▶ **What you need to do**: Without the pictures, give the listing below again exactly.
-------- Dataset records
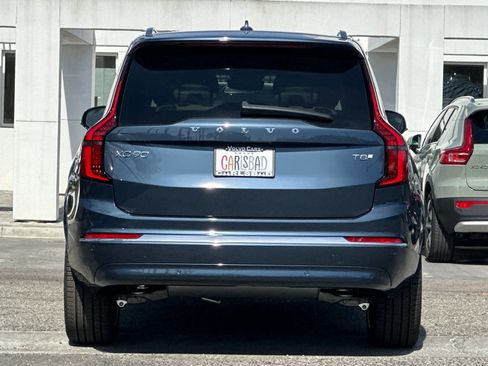 New 2026 Volvo XC90 T8 Plus image 6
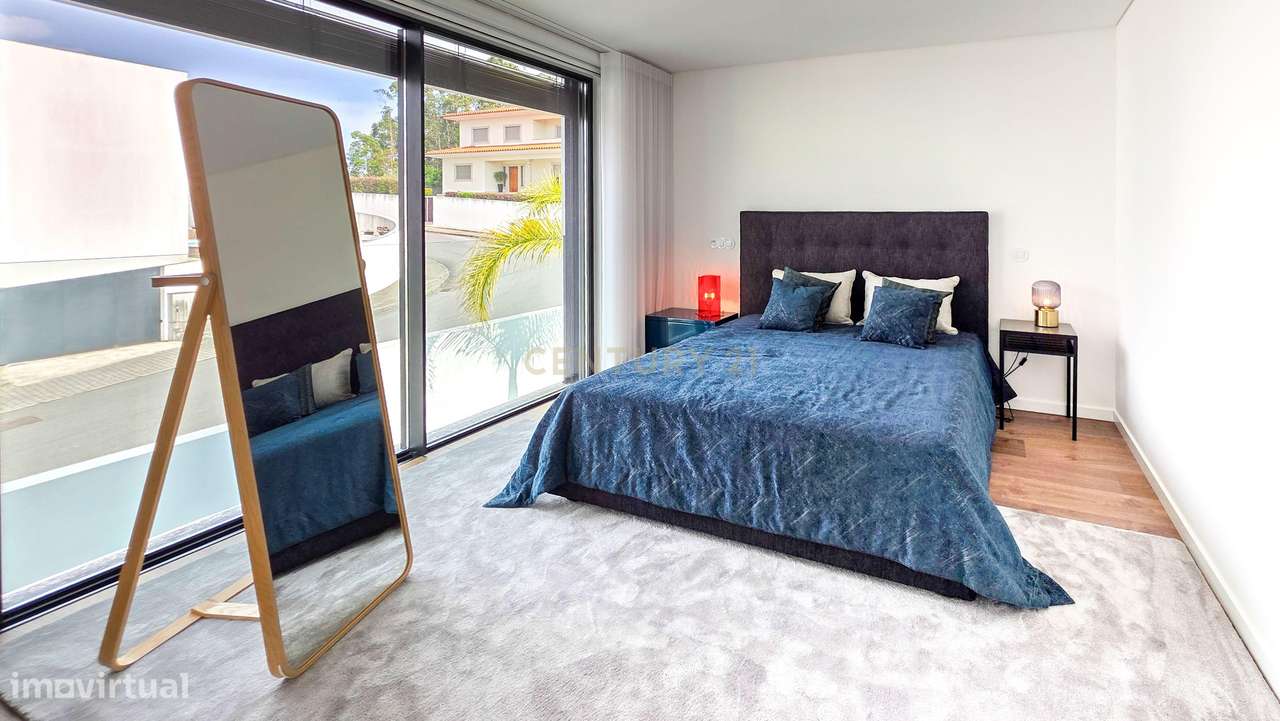 Moradia Contemporânea T4 com Piscina | Arquitetura Premium | Brufe, Vi-24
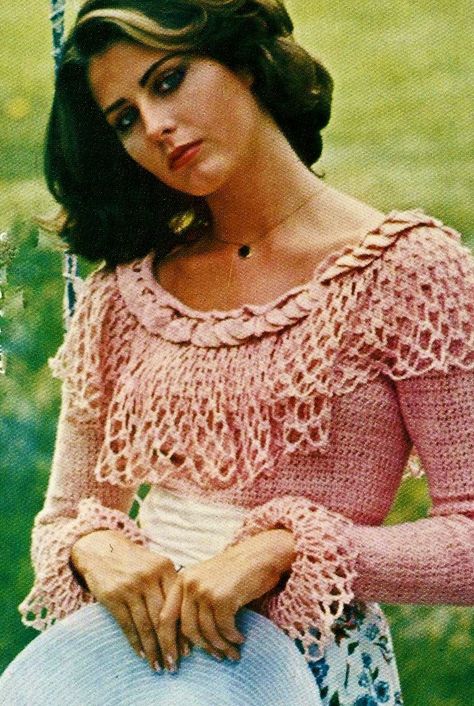 Dainty Romantic Vintage Blouse with Lace Collar and Cuffs PDF Crochet Pattern by MomentsInTwine on Etsy Crochet Clam Shell, Crochet Clam, Vintage Crochet Sweater, Crochet Pattern Vintage, Crochet Blouse Pattern, Blouse Crochet, Vintage Crochet Patterns, Vintage Crochet Pattern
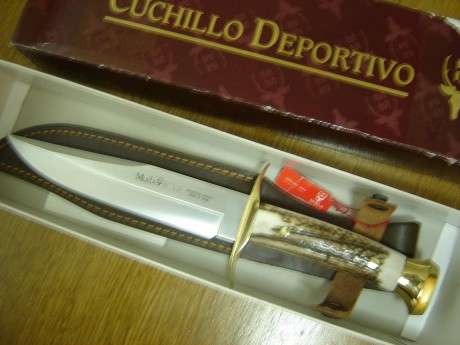 Buenas, vendo estos dos excelentes Bowies  en estado perfecto. Como nuevos  :

No tienen ningún tipo de 01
----------------
▶ **Answer box**:
 New 2026 Volvo XC90 T8 Plus image 6
 Moradia Contemporânea T4 com Piscina | Arquitetura Premium | Brufe, Vi-24
 Dainty Romantic Vintage Blouse with Lace Collar and Cuffs PDF Crochet Pattern by MomentsInTwine on Etsy Crochet Clam Shell, Crochet Clam, Vintage Crochet Sweater, Crochet Pattern Vintage, Crochet Blouse Pattern, Blouse Crochet, Vintage Crochet Patterns, Vintage Crochet Pattern
 Buenas, vendo estos dos excelentes Bowies  en estado perfecto. Como nuevos  :

No tienen ningún tipo de 01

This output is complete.